##### Dataset content #####

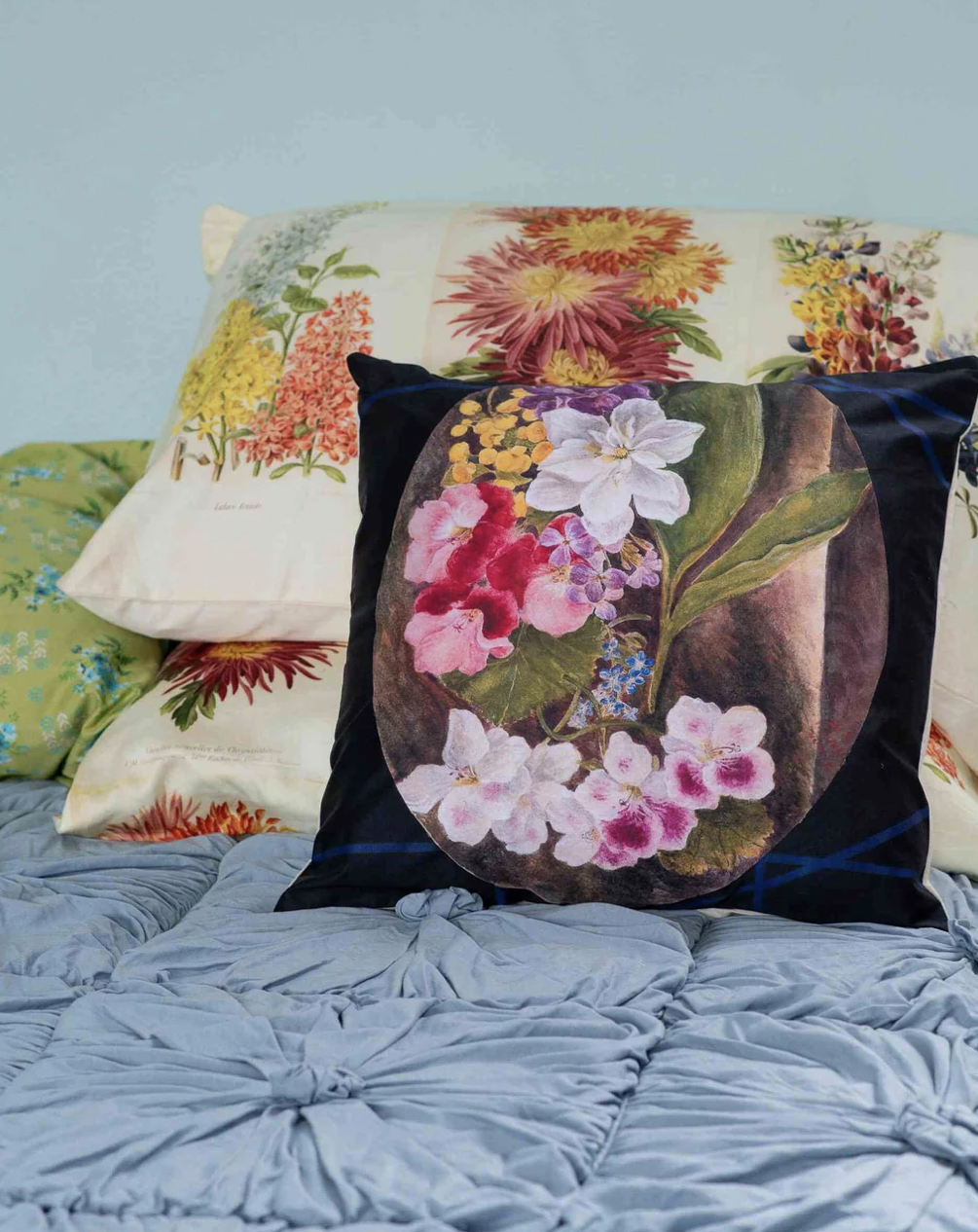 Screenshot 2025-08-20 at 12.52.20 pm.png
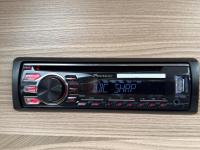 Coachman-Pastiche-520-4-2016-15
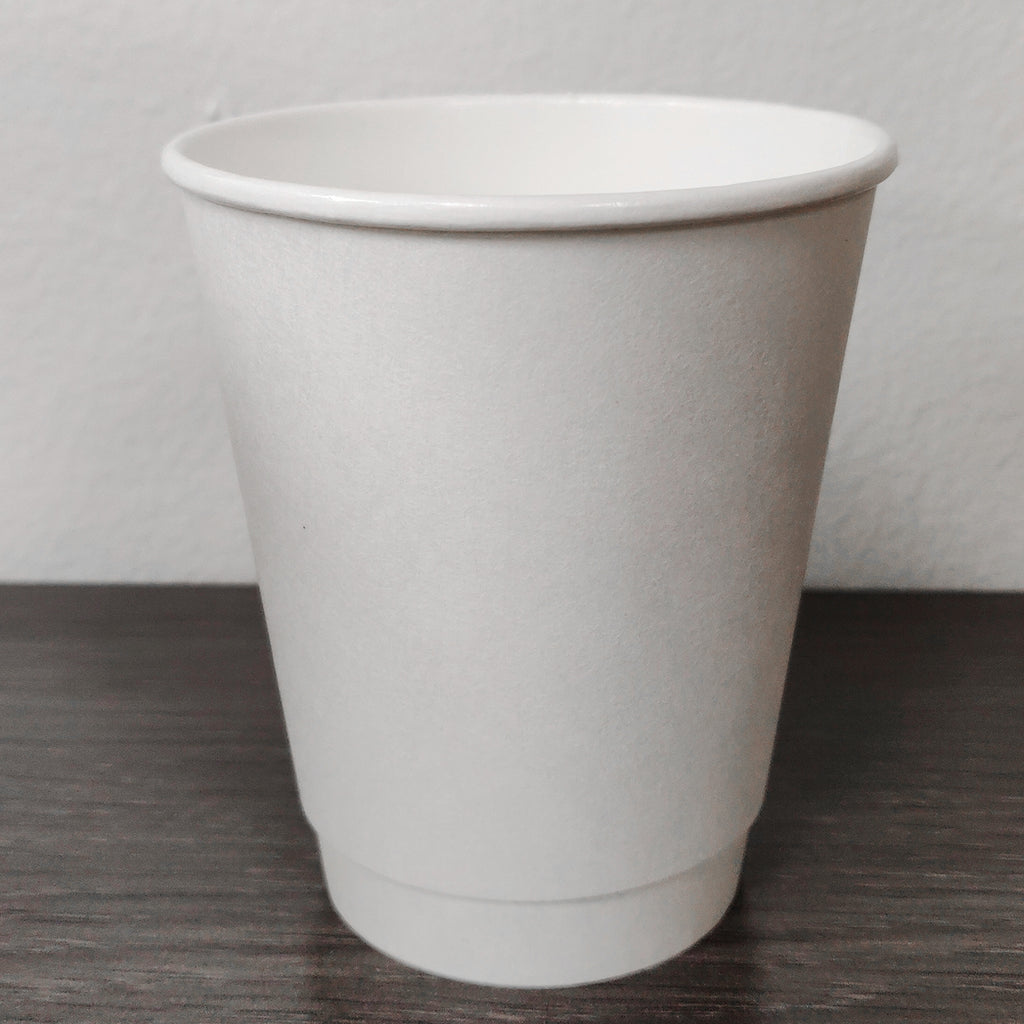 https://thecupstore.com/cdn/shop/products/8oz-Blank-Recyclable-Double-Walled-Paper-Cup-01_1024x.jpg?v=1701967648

#####

Pictures are skipped here. Print exactly, and only, the lines from the one holding "Coachman-Pastiche-520-4-2016-15" through the final line of the material above, both ends included.

 Coachman-Pastiche-520-4-2016-15
 https://thecupstore.com/cdn/shop/products/8oz-Blank-Recyclable-Double-Walled-Paper-Cup-01_1024x.jpg?v=1701967648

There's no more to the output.